* _About this task_
Your task is to write out every line of the data exactly. Drop the pictures.

* _Information shown_
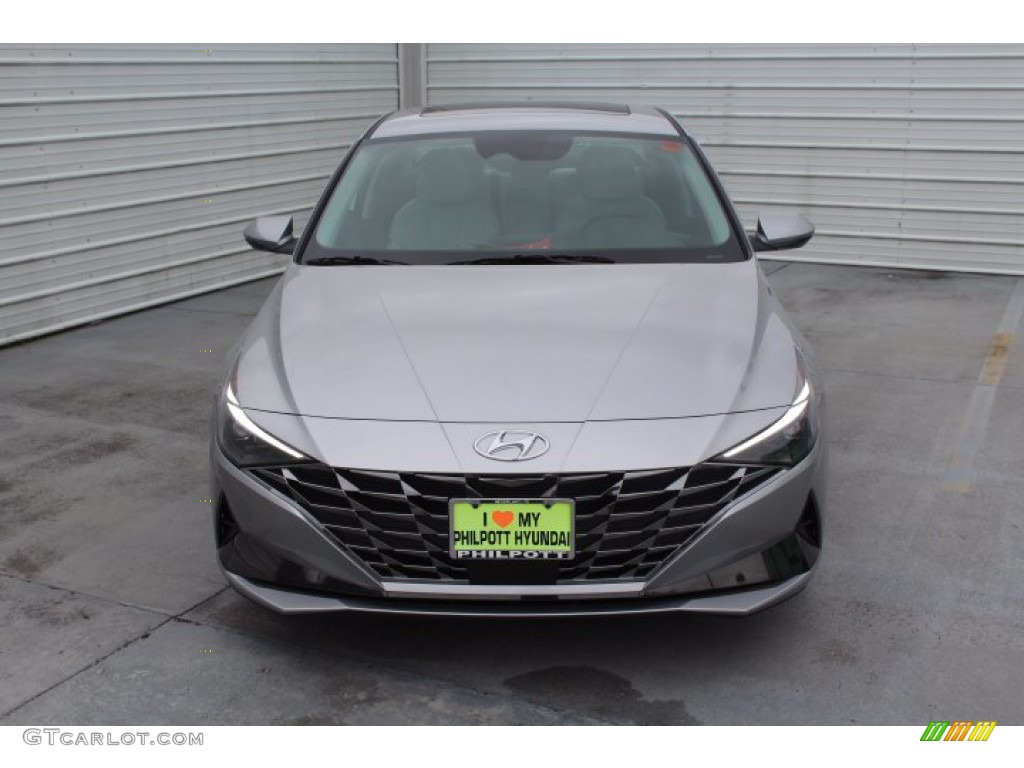 2021 Elantra Limited - Shimmering Silver Pearl / Melange/Light Gray photo #3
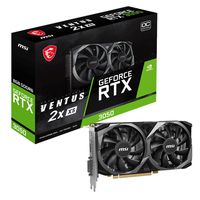 tarjeta grafica msi rtx 3050 ventus 2x xs 8gb oc gddr6  1 x dp  1 x hdmi  1 x dl-dvi-d  pci express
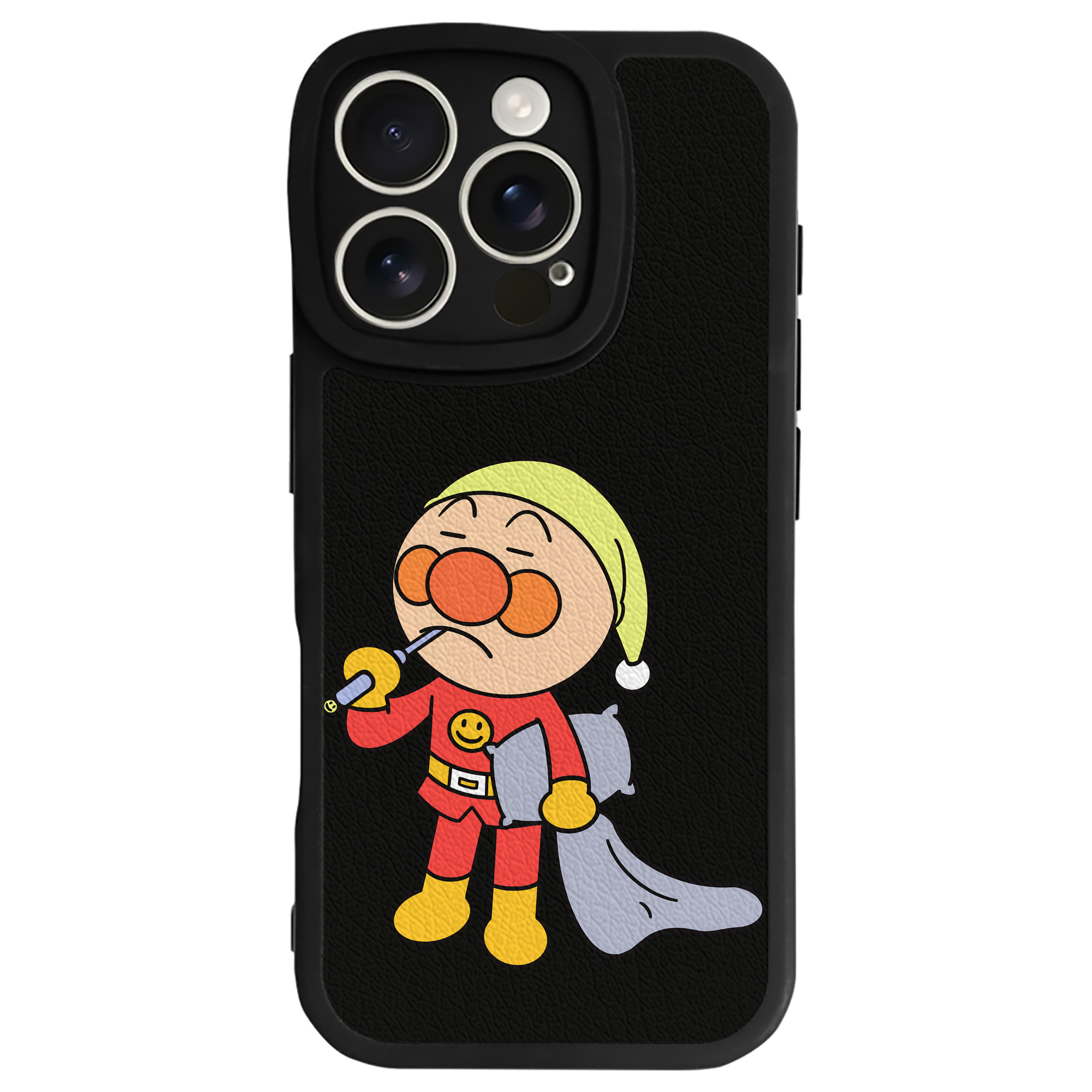 （画像用） アンパンマン Anpanman 【iPhone 16シリーズ対応】シリコンスマホケース（レザー調） 材質：シリコン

* _Problem solution_
 2021 Elantra Limited - Shimmering Silver Pearl / Melange/Light Gray photo #3
 tarjeta grafica msi rtx 3050 ventus 2x xs 8gb oc gddr6  1 x dp  1 x hdmi  1 x dl-dvi-d  pci express
 （画像用） アンパンマン Anpanman 【iPhone 16シリーズ対応】シリコンスマホケース（レザー調） 材質：シリコン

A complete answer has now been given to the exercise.